A qualified small business is a corporation or partnership that satisfies these criteria:

  • Gross Receipts less than $5 million for the credit year
  • No gross receipts for any taxable year preceding the five taxable year period ending with the credit year

A qualified small business makes the payroll tax credit election by completing Form 6765, Credit for Increasing Research Activities. The payroll tax credit election is to be made on or before the due date of the entity’s tax return, including extensions.

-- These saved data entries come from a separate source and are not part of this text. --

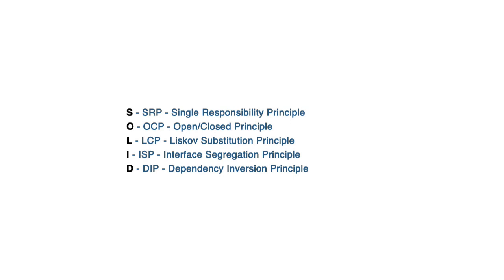So these principles also apply to Java, to Python, all these languages. I don't expect you to understand what's on the screen here, that's why we have this series. We're going to go through each of these principles in the next five lessons.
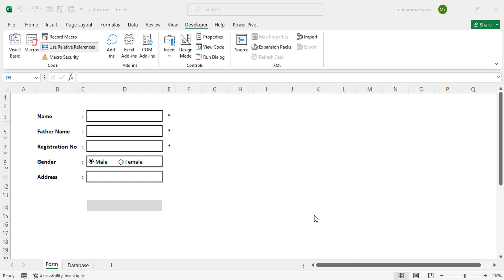Hello everyone, welcome back to the Learn and Learn With Yourself YouTube channel. In this video we will create a data entry form using Excel. It is a very good form for data entry, so you can enter data easily. You can add more fields — for example, state, city, and other fields — but I have written these five fields just to show you how to create a form.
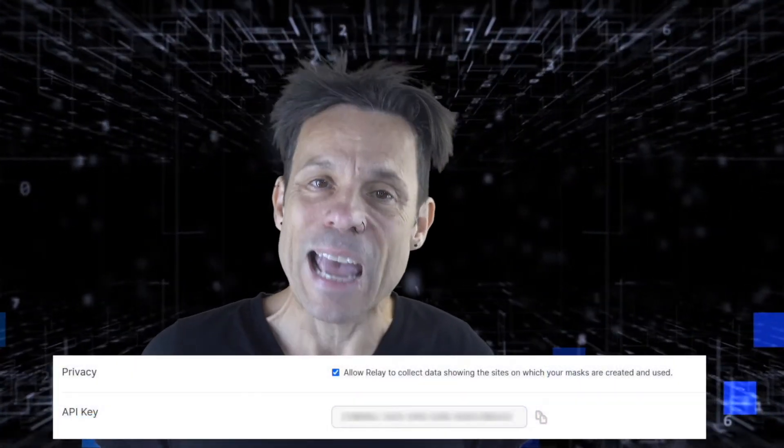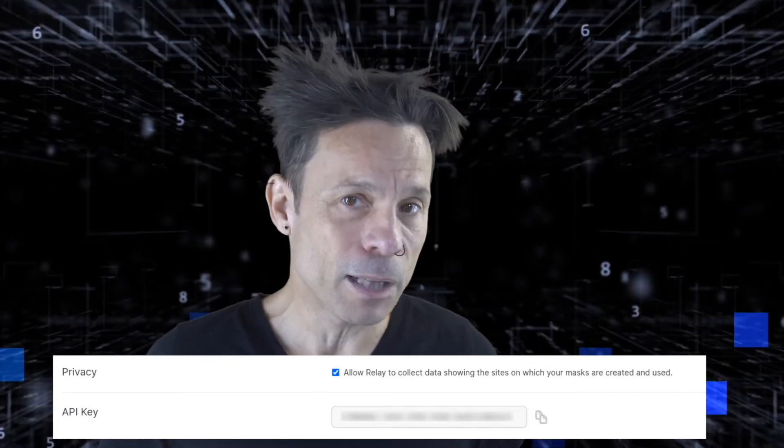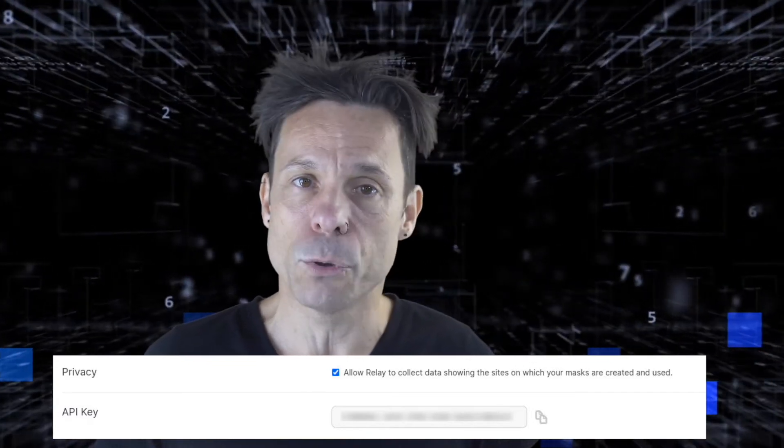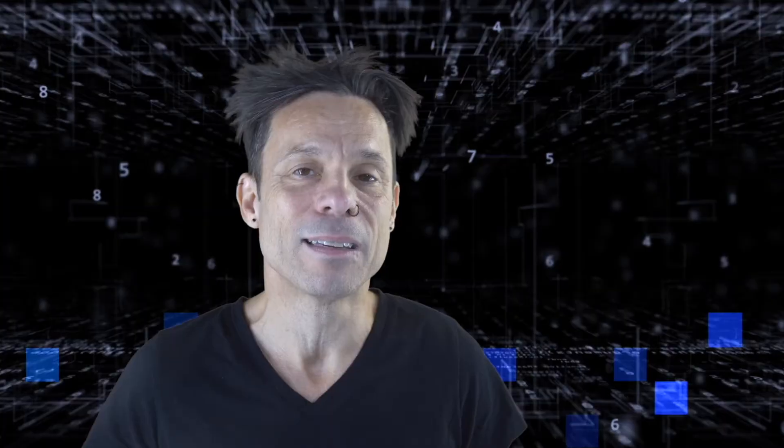The first thing to do is head over to your email relay service and access the API token. For example, in Firefox Relay, you'll find it in Settings, which you access via your profile icon. In the Settings window, you'll see the API key listed. Copy that key to your desktop clipboard or save it to a file or a Bitwarden entry for safekeeping.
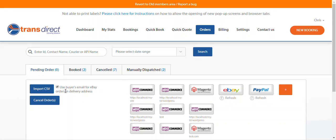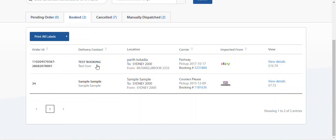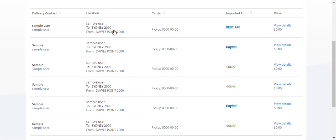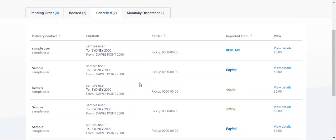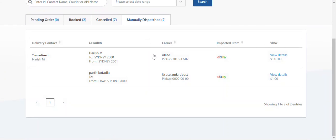You can import more orders from CSVs. You can look at the booked orders, any cancelled orders, and orders that have been manually dispatched.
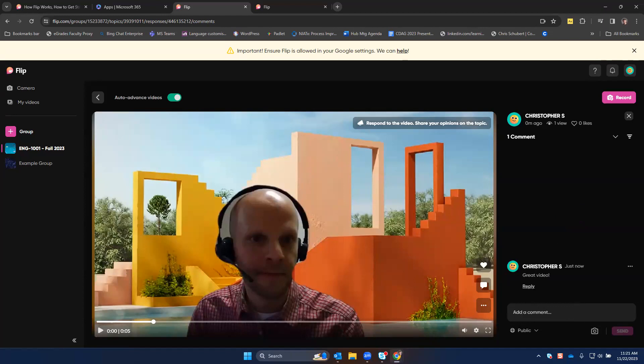And that's it. So again, you can use FLIP to get started with creating some different discussion topics. It's video-based, which makes it a fun alternative to those discussion forums you may have already been using. If you have any questions, please feel free to reach out to us in the Teaching and Learning Innovation Hub.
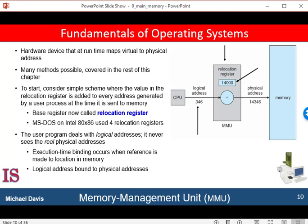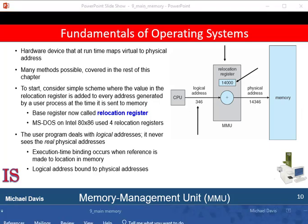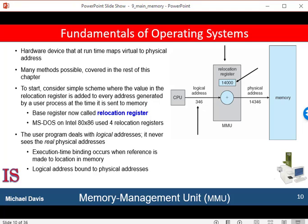You can see this in the figure on the right. In this example, if the base is at 14,000 — physical address 14,000 — then an attempt by the user to address logical location 0 is dynamically relocated to physical location 14,000. An access to logical or virtual location 346 is mapped to physical location 14,346. The user program never accesses the real physical addresses. The program can create a pointer to location 346, store it in memory, manipulate it, and compare it with other addresses, all as the number 346. Only when it is used as a memory address is it relocated relative to the base register.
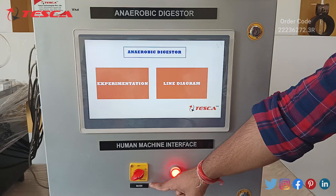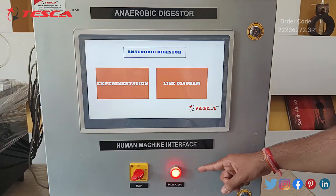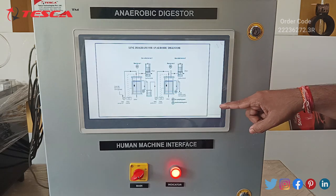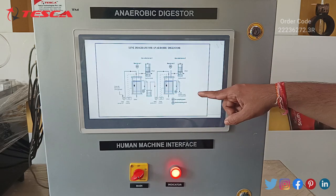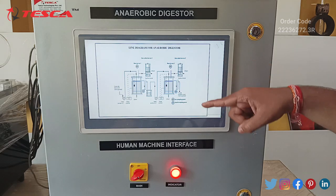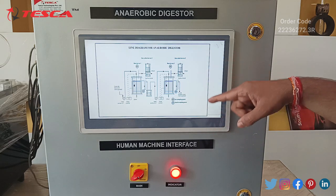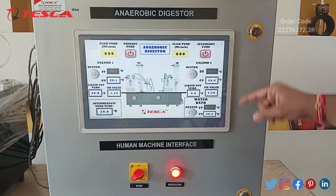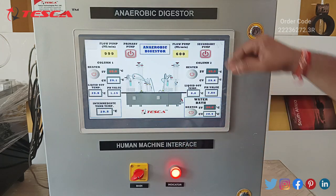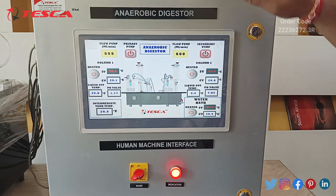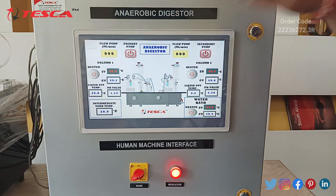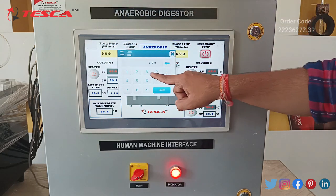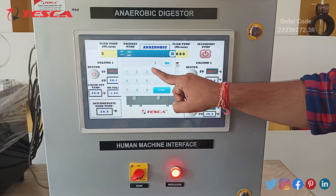Here we have our main switch and here is the LED indicator for it. As you can see on the screen, this tab is for the line diagram, which shows the connections of pipes and columns in our working unit. For the experimentation tab we have our whole control unit — this is the switch for the primary pump, here we have the switch for the secondary pump, and from this we can control the flow rate of our primary pump.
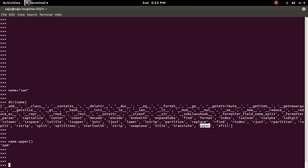Suppose in your code, the variable name is changed to none because of some reason. Now the object none is there in the variable name.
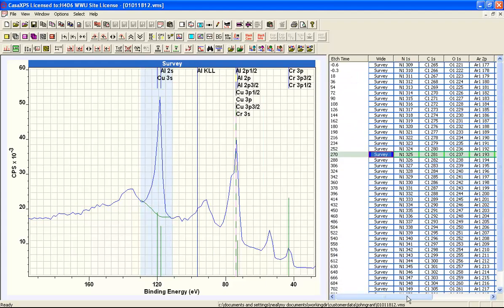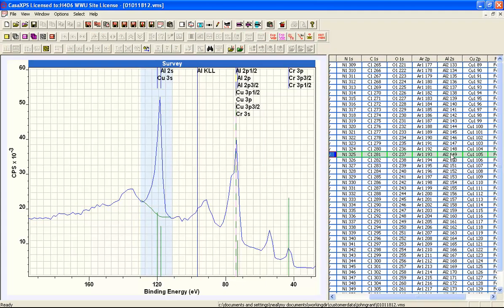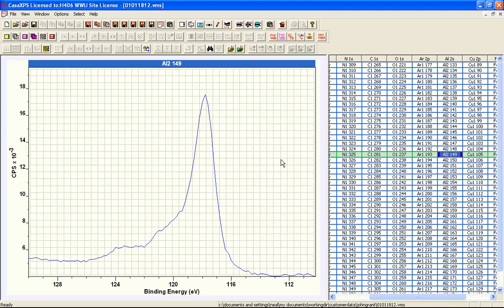Looking at other data collected at this level in the depth profile, we have a spectrum containing peaks identifiable as copper, aluminium oxide, and metallic aluminium. If we have a peak model for this spectrum, we can proportion the intensity seen here with respect to the peak model. With relative sensitivity factors for each component peak, we can work out an effective relative sensitivity factor for use in the survey spectrum quantification.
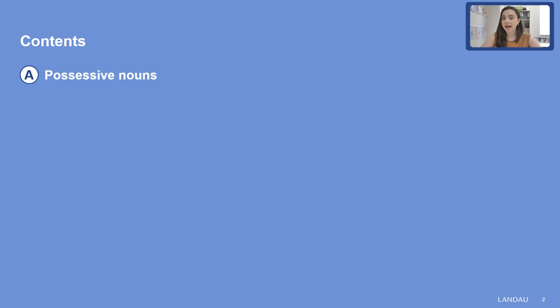Hello, everybody. Welcome to today's lesson. Today, we will talk about possessive case. We will discuss possessive nouns and possessive adjectives.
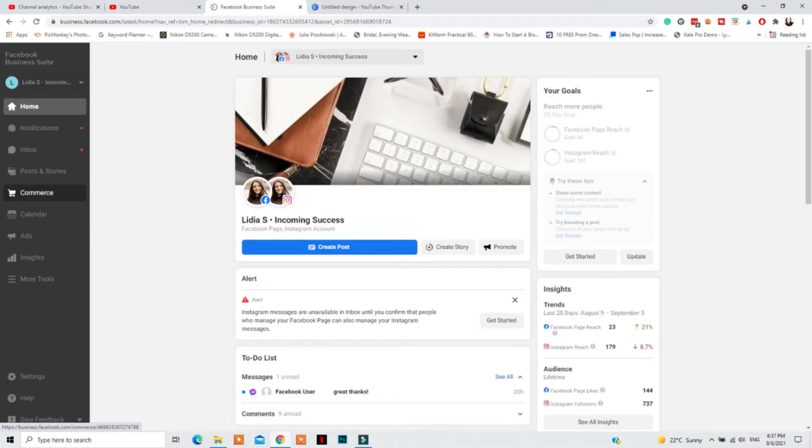For the shipping tab, you need to go to business.facebook.com, go to Commerce. Then if you're not in the right Commerce Manager, make sure to switch to the Commerce Manager you want to do these settings for so you can get this feature.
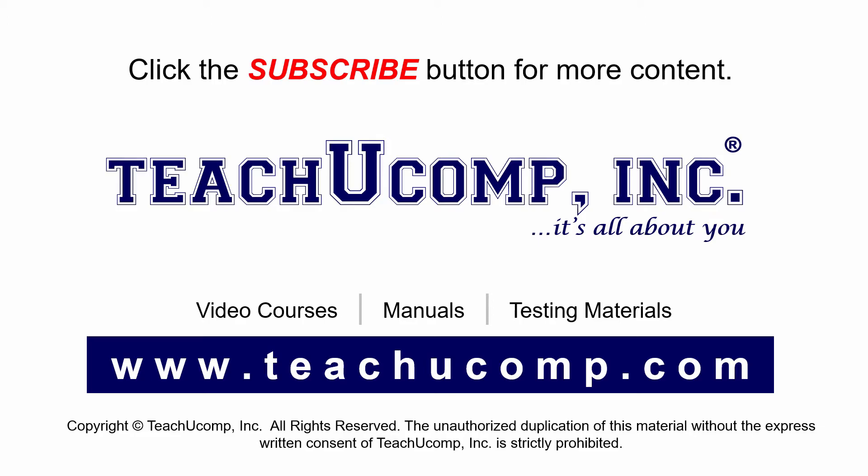If you like our video, click the subscribe button to subscribe to our channel and get easy access to new content. To see our full suite of ad-free video courses and training materials, visit us at teachucomp.com.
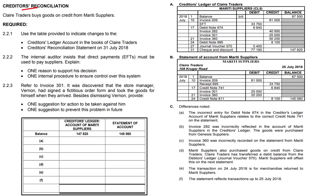Creditors reconciliation. Clear Traders buys goods on credit from Mariti Suppliers. We've got our creditors ledger and our statement of account from Mariti Suppliers — they are our creditors. Question 2.2.1: use the table provided to indicate changes to the creditors ledger account as well as the creditors reconciliation statement on the 31st of July 2018, year end.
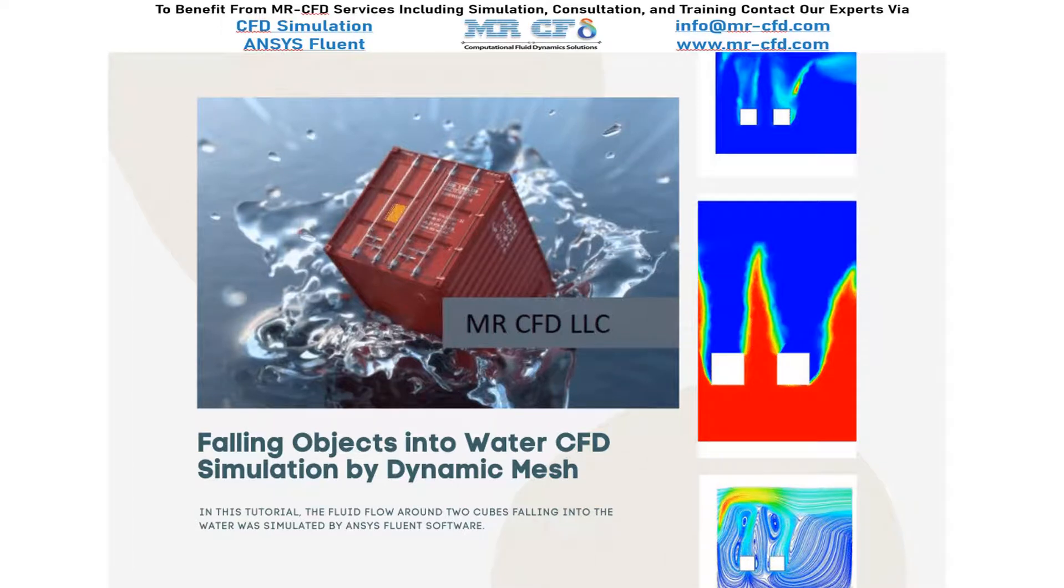In this project, we will simulate two falling objects into water using the dynamic mesh method.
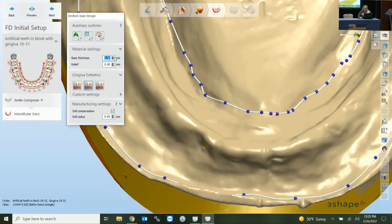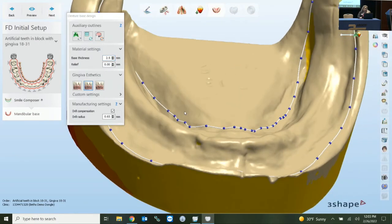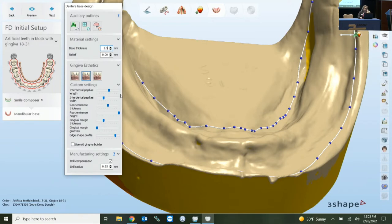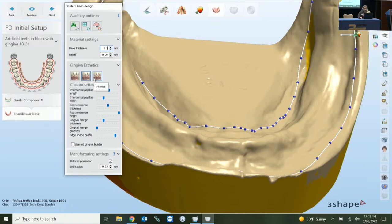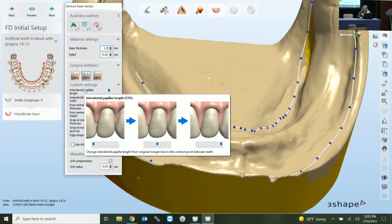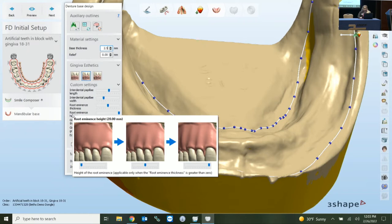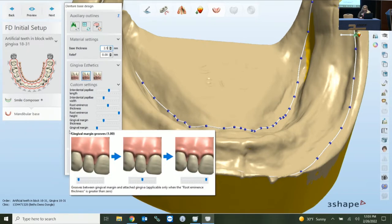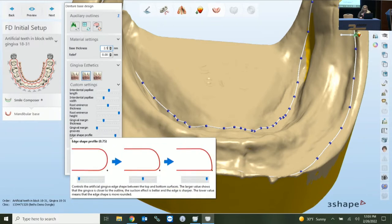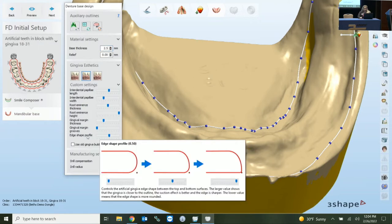With the three boxes, 3Shape calls it the Gingervator 3.0 — you have three quick-start options: delicate, natural, and intense. With natural selected, it appears blue. You have sliders to customize specific areas, and 3Shape gives you great visuals so you know which slider affects the gingival margin, the grooves, and the edge shape profile. This menu is specific to version 2021, so you need to be updated to 2021 to have this feature. Just slide it and it gives a great visual.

Under the provision, you can elect to apply up to $250,000 of the R&D credit against the FICA taxes beginning in the first calendar quarter that begins after the taxpayer files the return. The employer uses Form 8974, Qualified Small Business Payroll Tax Credit for Increasing Research Activities, to apply this limit to the amount of payroll tax credit. Note, you will need information from Form 6765 mentioned above to complete this form. Attach the Form 8974 to your employment tax return. Any unused credit is carried forward to subsequent quarters indefinitely until it is expended. Also, even if the FICA taxes may be completely eliminated through the credit, the taxpayer may still take a payroll tax deduction as if it were paying the taxes in full. The business has the option to apply the entire R&D credit to income tax, payroll tax, or may apportion it between both.

This provision is effected for taxable years beginning after December 31, 2015.